Go through the entries below and retype them exactly, omitting each picture.

* [Given data]:
Content starts
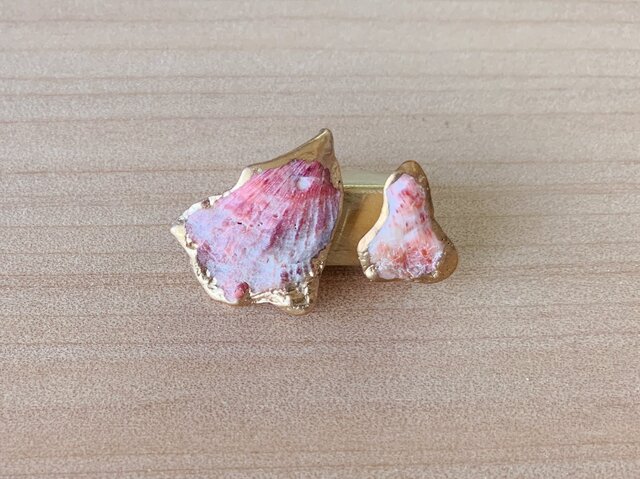 金継ぎシェル ノンホールピアスの画像1枚目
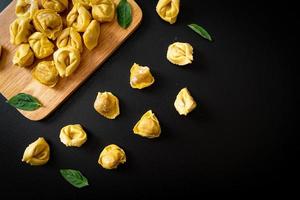 macarrão tortellini tradicional italiano foto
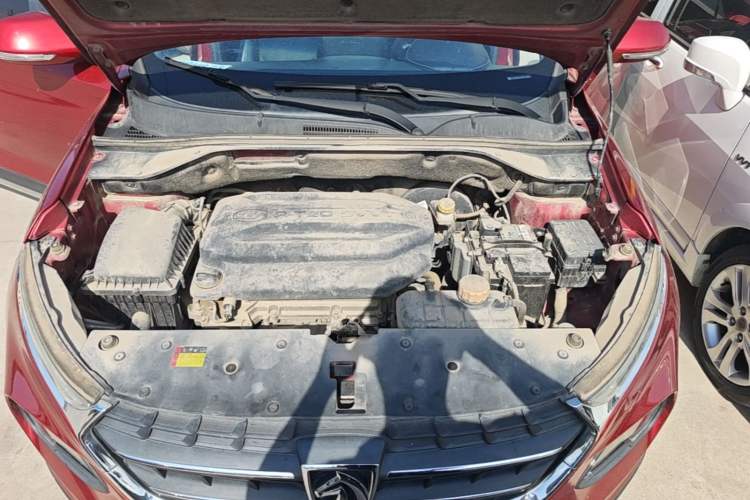 Used Baojun 510 2017 1.5L Manual Fashion Model Engine Bay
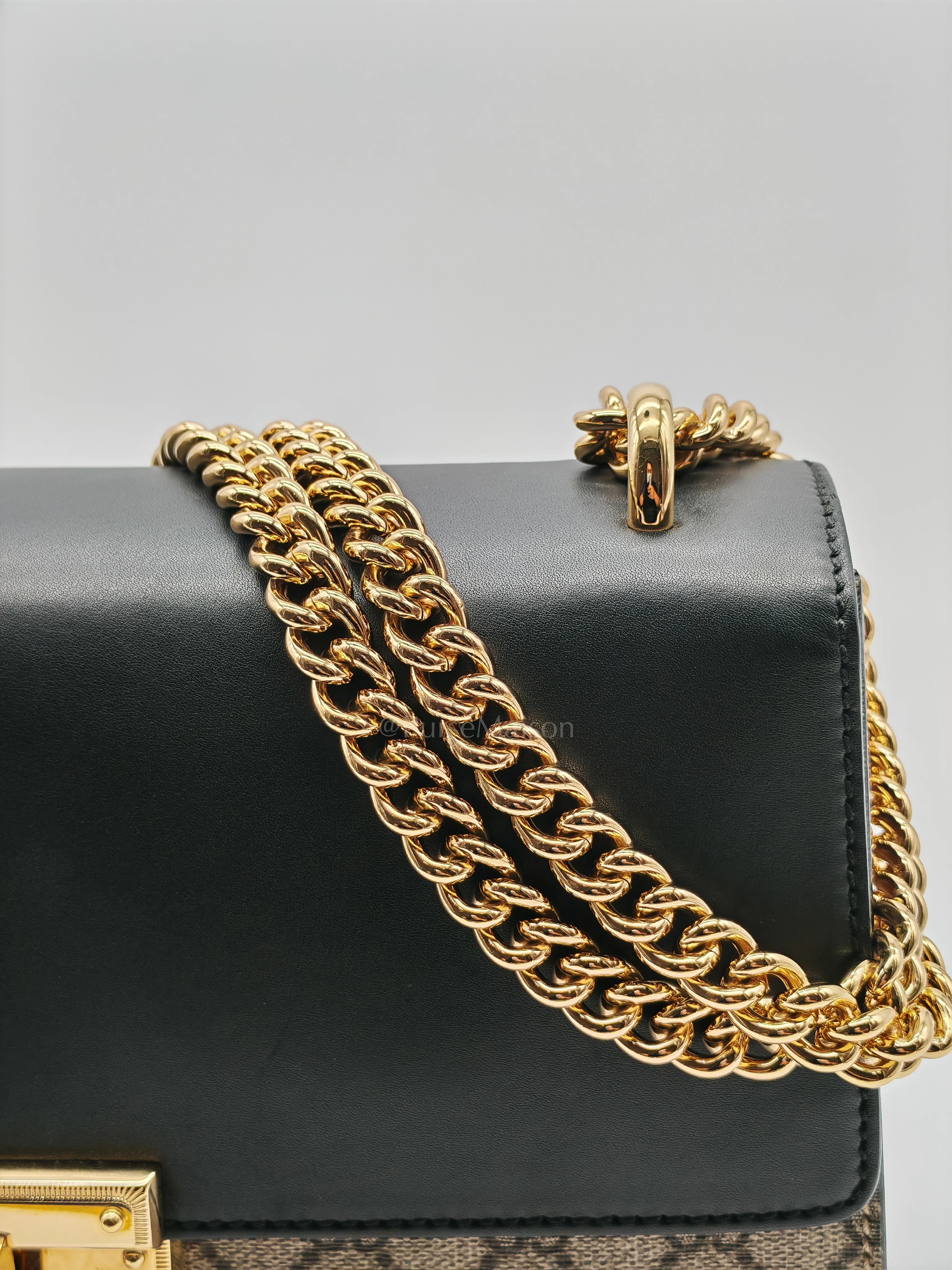 Gucci Padlock Shoulder Bag Medium in GG Supreme Canvas & Gold Hardware - Image 20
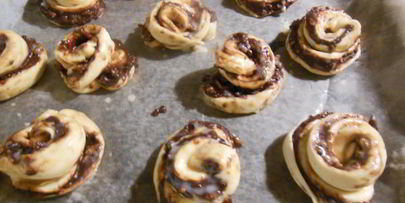 булочки с шоколадом, орехами и посыпкой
Content ends
* [Task answer]:
 金継ぎシェル ノンホールピアスの画像1枚目
 macarrão tortellini tradicional italiano foto
 Used Baojun 510 2017 1.5L Manual Fashion Model Engine Bay
 Gucci Padlock Shoulder Bag Medium in GG Supreme Canvas & Gold Hardware - Image 20
 булочки с шоколадом, орехами и посыпкой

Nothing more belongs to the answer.